Task details - Print exactly the lines from the one that contains "2003 Jeep Liberty (North America) - Image 7" through the final line of the entries below, both included, and nothing else; omit the pictures.

Provided records -
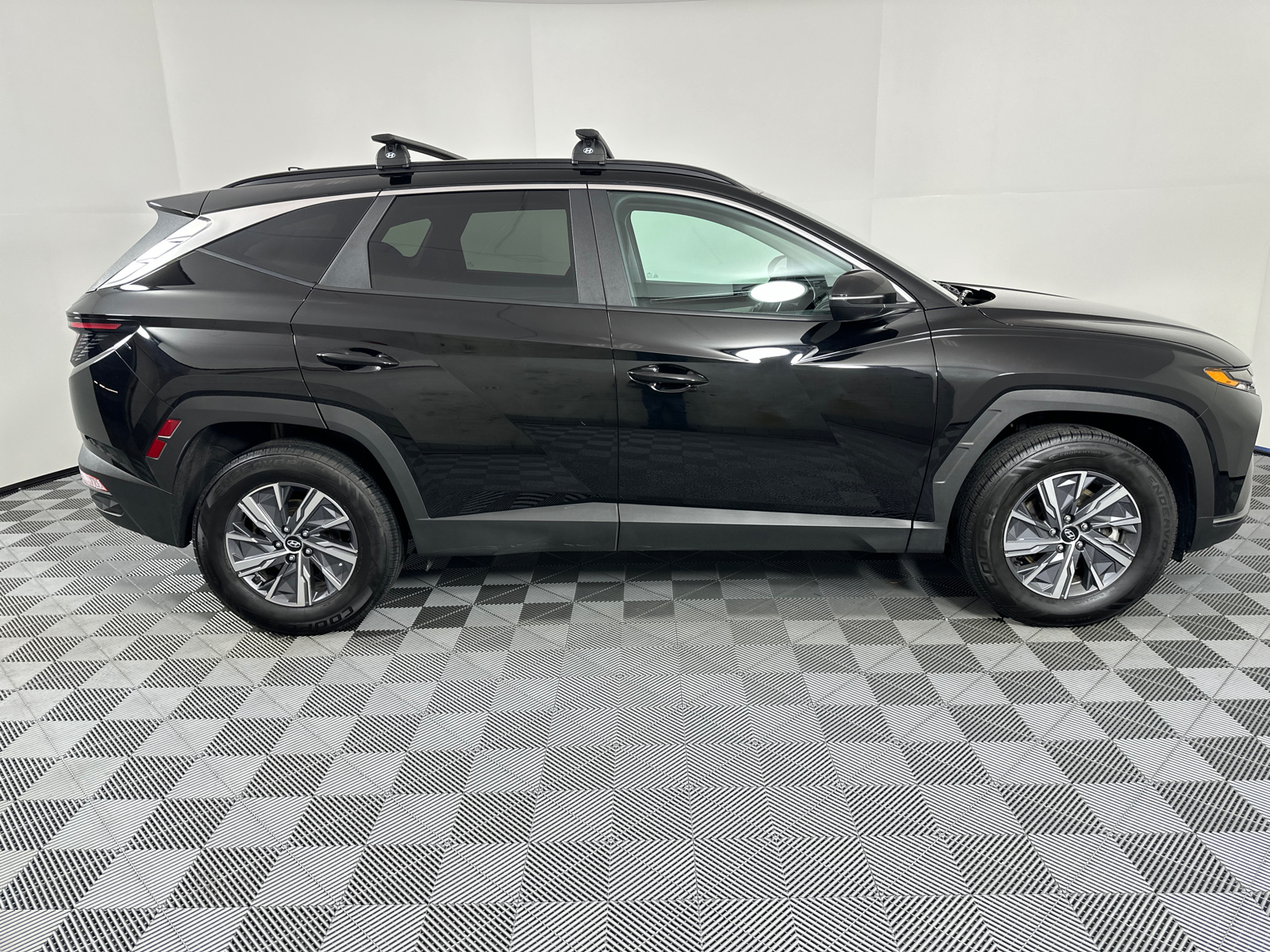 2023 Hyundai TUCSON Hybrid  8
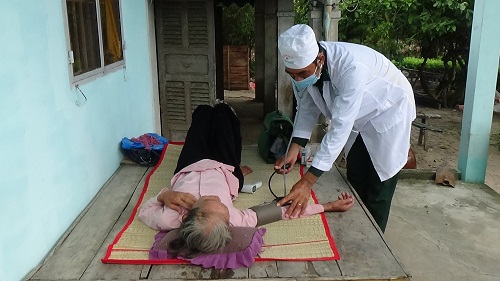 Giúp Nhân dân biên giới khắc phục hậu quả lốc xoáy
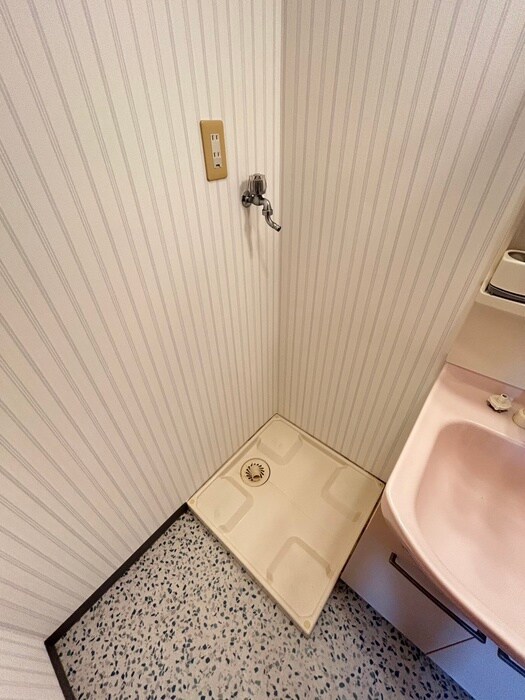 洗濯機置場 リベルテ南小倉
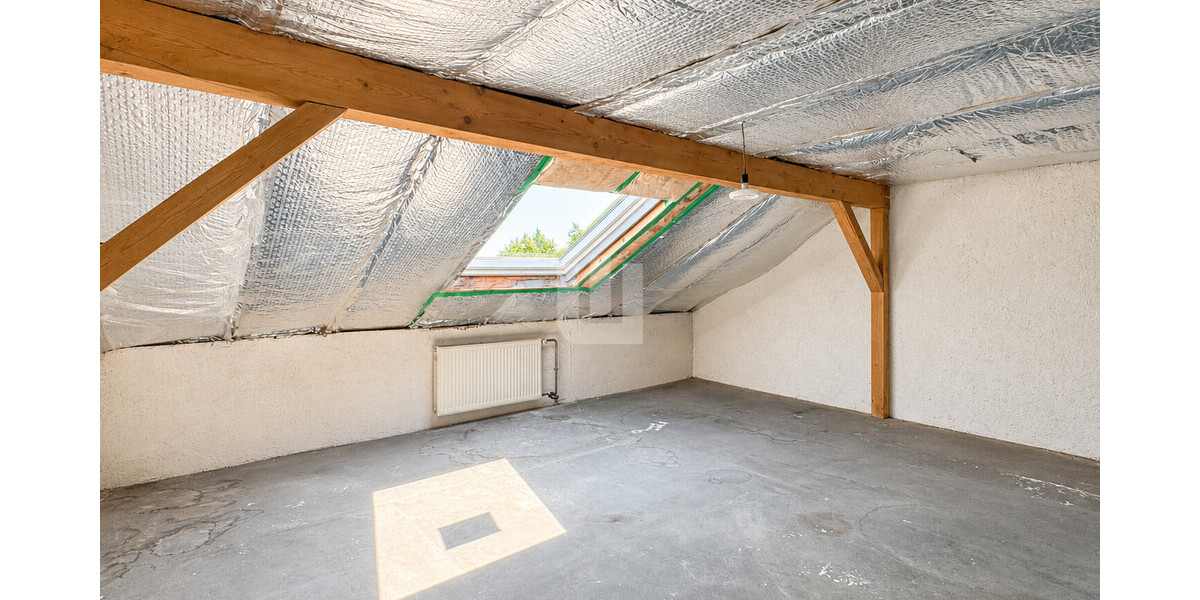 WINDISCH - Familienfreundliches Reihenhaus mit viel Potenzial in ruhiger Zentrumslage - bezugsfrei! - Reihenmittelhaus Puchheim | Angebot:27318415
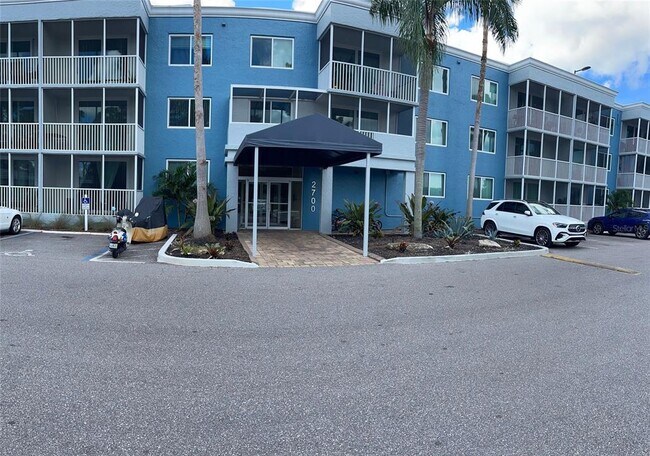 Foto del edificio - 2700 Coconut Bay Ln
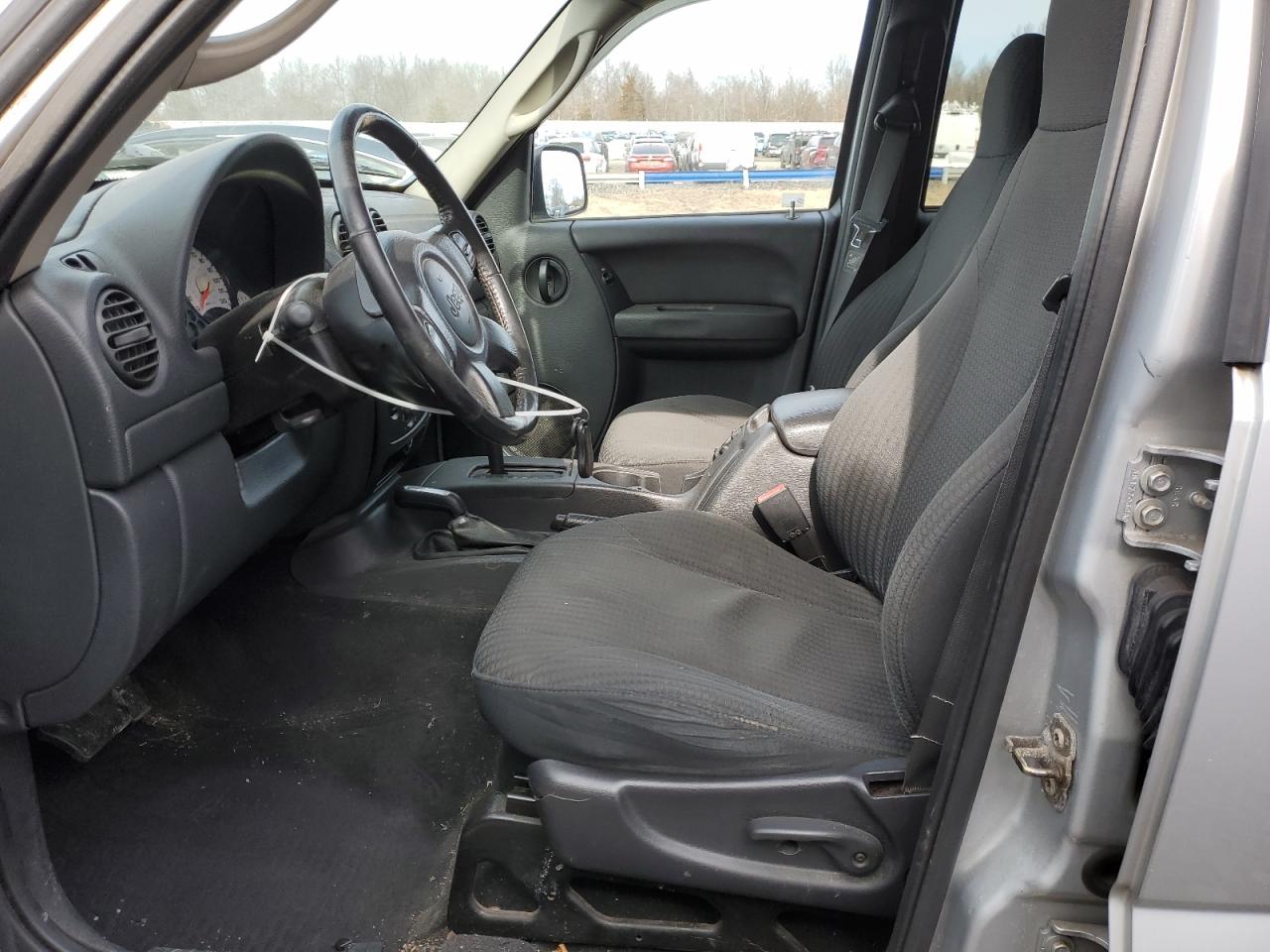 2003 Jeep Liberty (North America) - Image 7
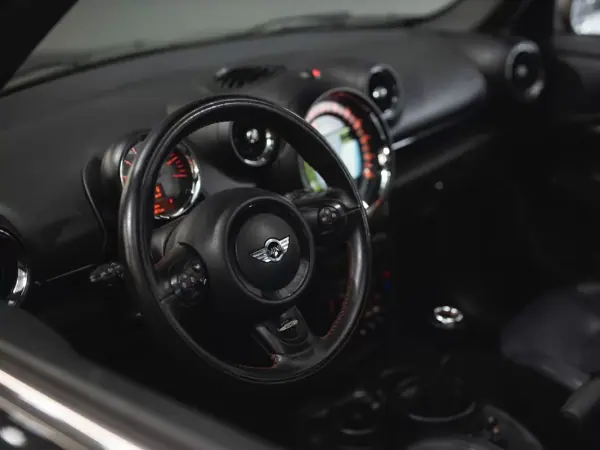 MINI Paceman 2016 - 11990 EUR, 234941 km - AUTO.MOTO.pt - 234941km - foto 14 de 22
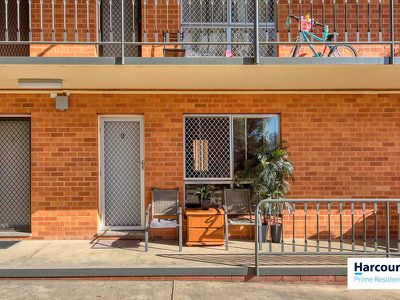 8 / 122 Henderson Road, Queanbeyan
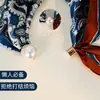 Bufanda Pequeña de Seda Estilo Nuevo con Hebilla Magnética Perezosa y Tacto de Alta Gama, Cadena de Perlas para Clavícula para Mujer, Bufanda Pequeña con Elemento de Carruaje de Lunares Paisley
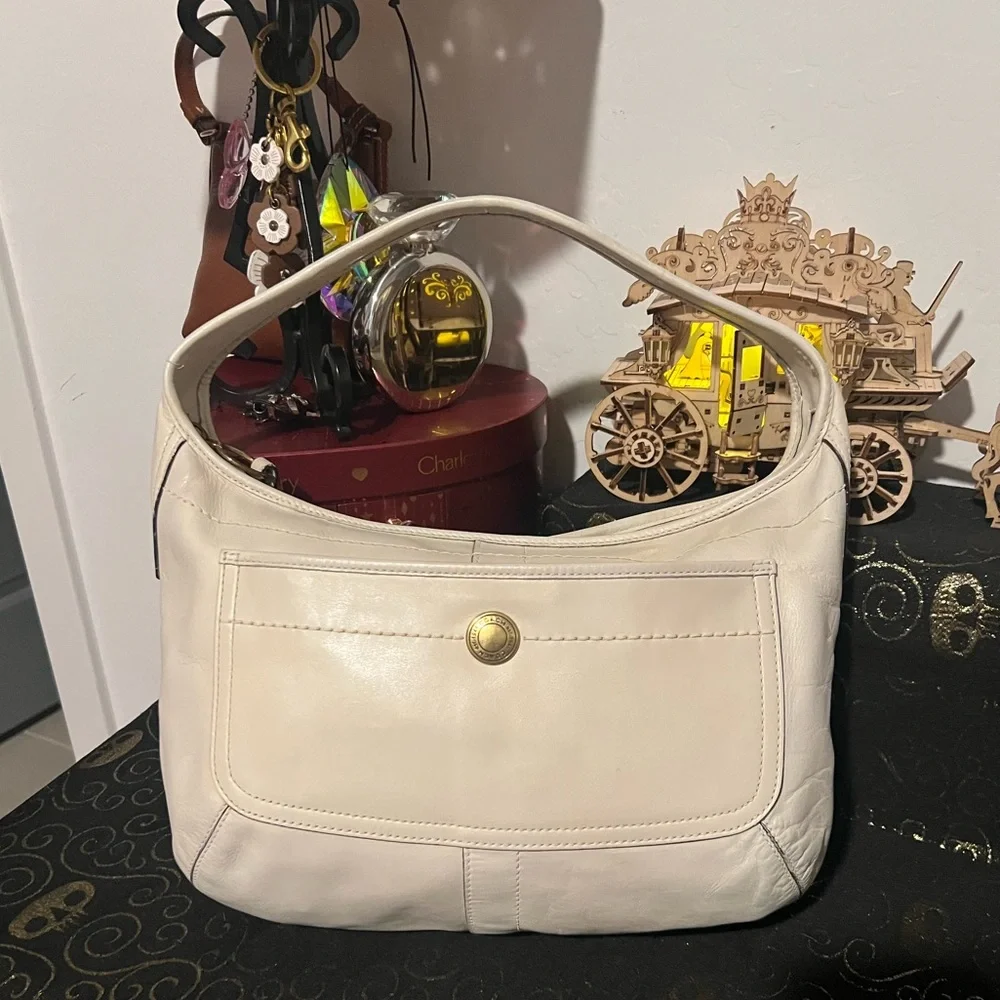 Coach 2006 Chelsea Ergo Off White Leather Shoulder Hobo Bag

Response area -
 2003 Jeep Liberty (North America) - Image 7
 MINI Paceman 2016 - 11990 EUR, 234941 km - AUTO.MOTO.pt - 234941km - foto 14 de 22
 8 / 122 Henderson Road, Queanbeyan
 Bufanda Pequeña de Seda Estilo Nuevo con Hebilla Magnética Perezosa y Tacto de Alta Gama, Cadena de Perlas para Clavícula para Mujer, Bufanda Pequeña con Elemento de Carruaje de Lunares Paisley
 Coach 2006 Chelsea Ergo Off White Leather Shoulder Hobo Bag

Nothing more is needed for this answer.